De Faerøer-eilanden (schapeneilanden) worden weinig bezocht, maar zijn een prima tussenstop voor wie per ferry van Denemarken naar IJsland reist. Naast schapen vind je langs de fjorden dorpjes met houten huizen, soms nog met daken van gras. Het bergachtige groene landschap is imposant en eindigt vaak in steile kliffen langs zee, waarop talrijke vogelkolonies onbedreigd broeden.

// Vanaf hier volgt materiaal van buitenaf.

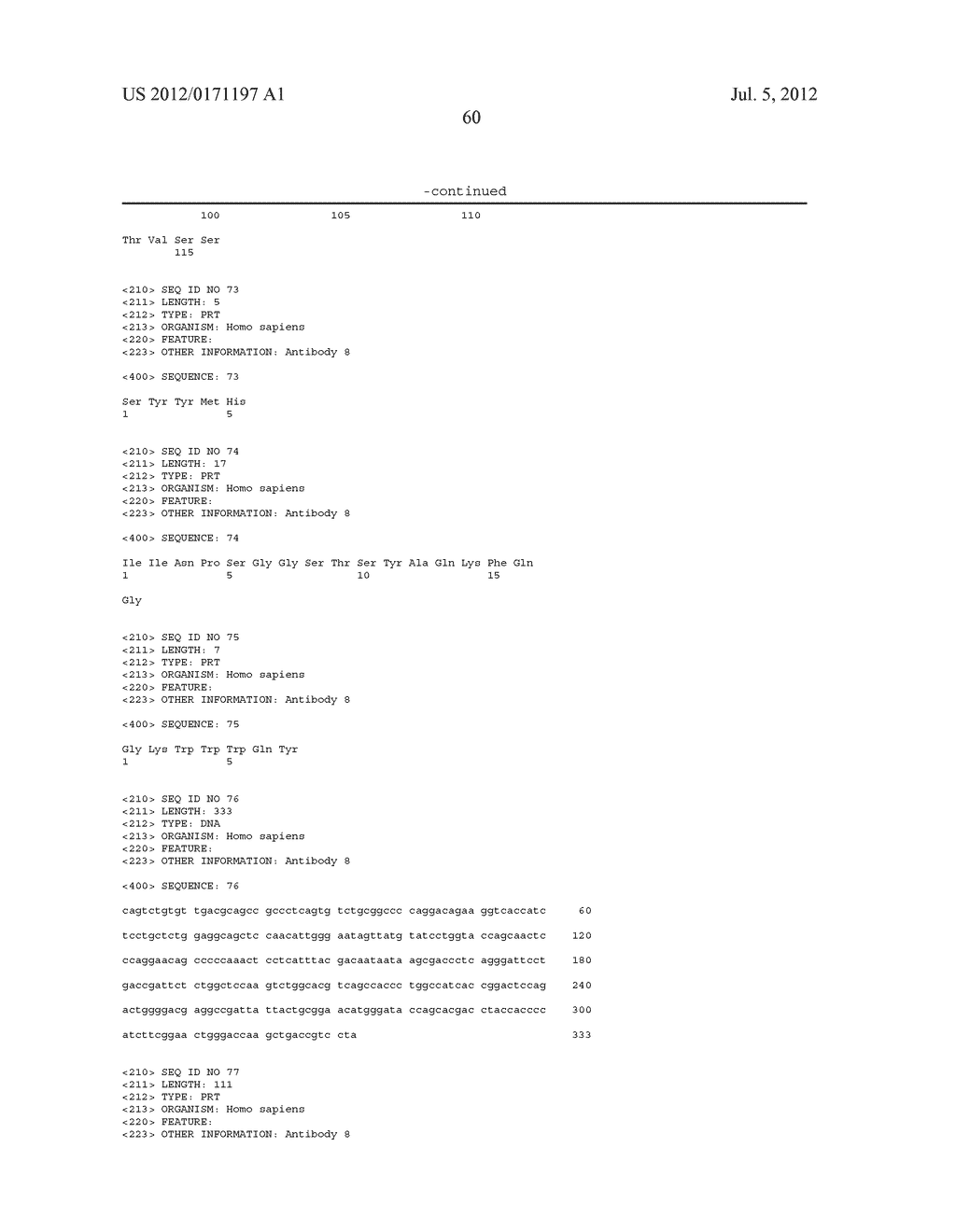 Binding members for interleukin-4 receptor alpha (IL-4Ra) - 173 - diagram, schematic, and image 86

Rond 22.30 vaart de Norrona van Smyril Line de haven binnen van Tórshavn, de hoofdstad van Faerøer. Tórshavn is gelegen in het zuidoosten van Streymoy, het grootste van de 18 Faerøer eilanden.
Gisternamiddag zijn we met onze auto aan boord van de ferry gegaan in Hanstholm in het noorden van Denemarken. Het werd een ontspannen reis over een kalme zee met praktisch geen golven.

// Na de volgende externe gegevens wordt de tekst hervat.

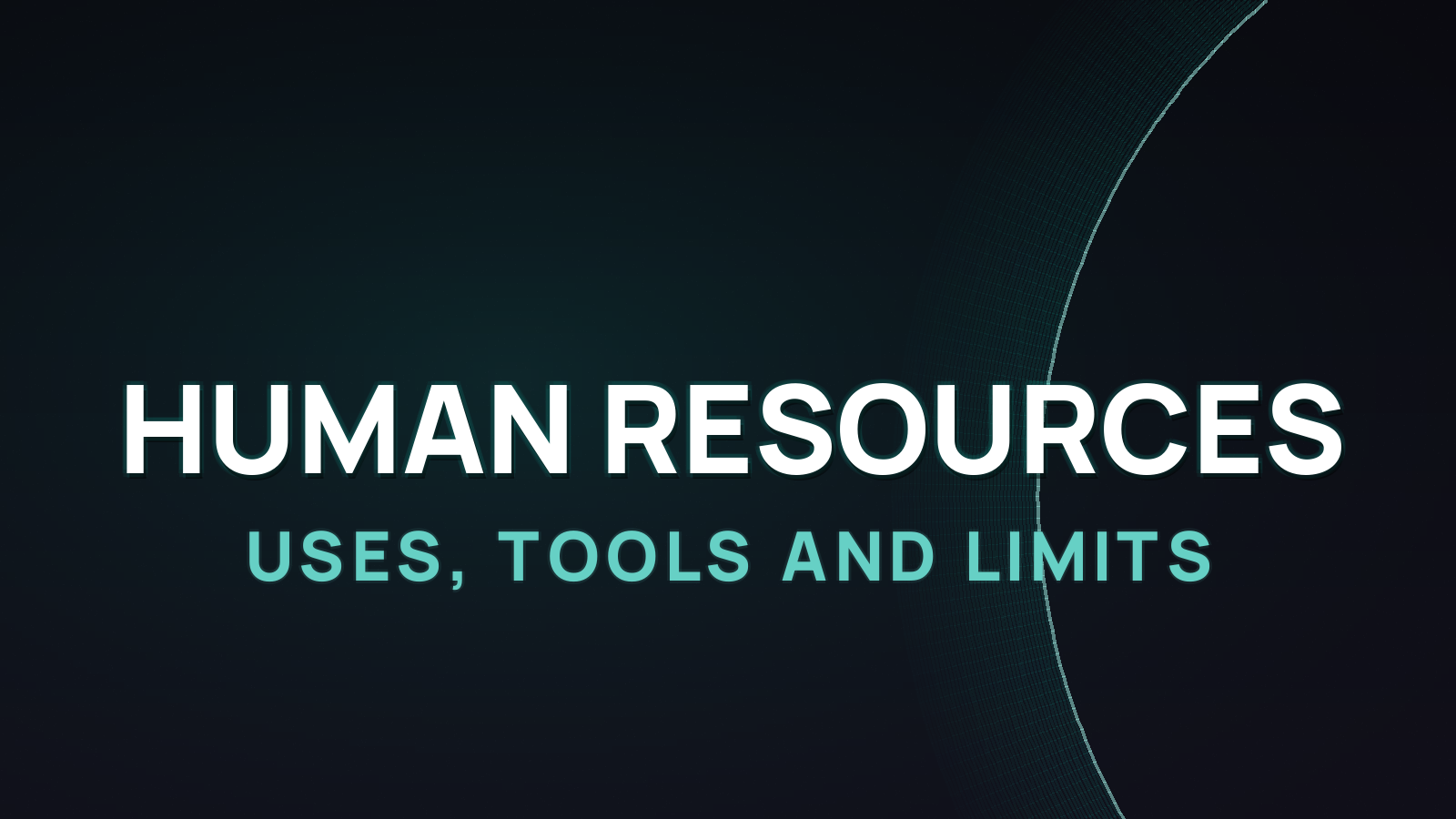 AI for Human Resources: Uses, Tools and Limits 2026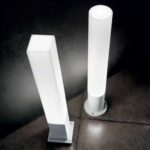 IDEAL LUX Κολωνάκι Κήπου EDO 1xGX53 IP44 Καφέ Χρώματος – 213088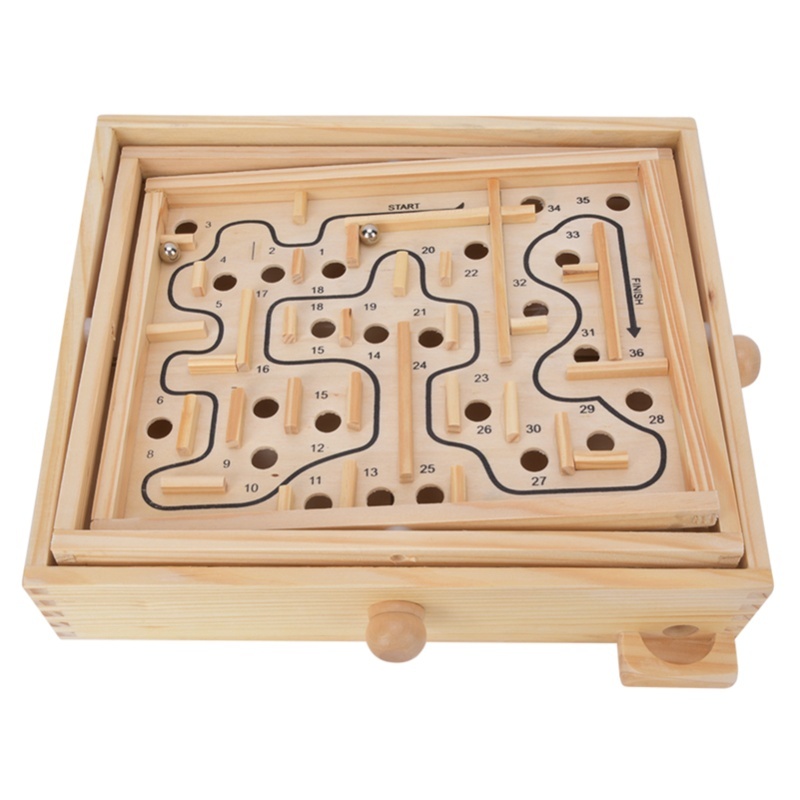 Adult Kid Wooden Educational M - Party Games Kids Indoor のレビューと価格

In Tórshavn, niettegenstaande een kleine stad, is het vrij moeilijk om je weg te vinden. Het was na aankomst al zoeken naar ons hotel, hoewel dat niet ver van de haven ligt. En ook vanmorgen draaien we wat in cirkels en komen telkens weer uit aan de haven.
Uiteindelijk geraken we, na enkele malen vragen, op de ringweg en op de juiste baan naar Vestmanna in het westen van Streymoy. Het landschap is heel mooi, met bergen en dalen. Het laat wat denken aan de Lofoten (eilandengroep in het noordwesten van Noorwegen).
Vanuit Vestmanna kunnen we een boottochtje maken naar de vogelrotsen waar we de papegaaiduiker zouden kunnen zien. Om 14 uur vertrekken we met een snelle motorboot. Er zijn vrij veel belangstellenden, ik denk dat de boot ver vol zit.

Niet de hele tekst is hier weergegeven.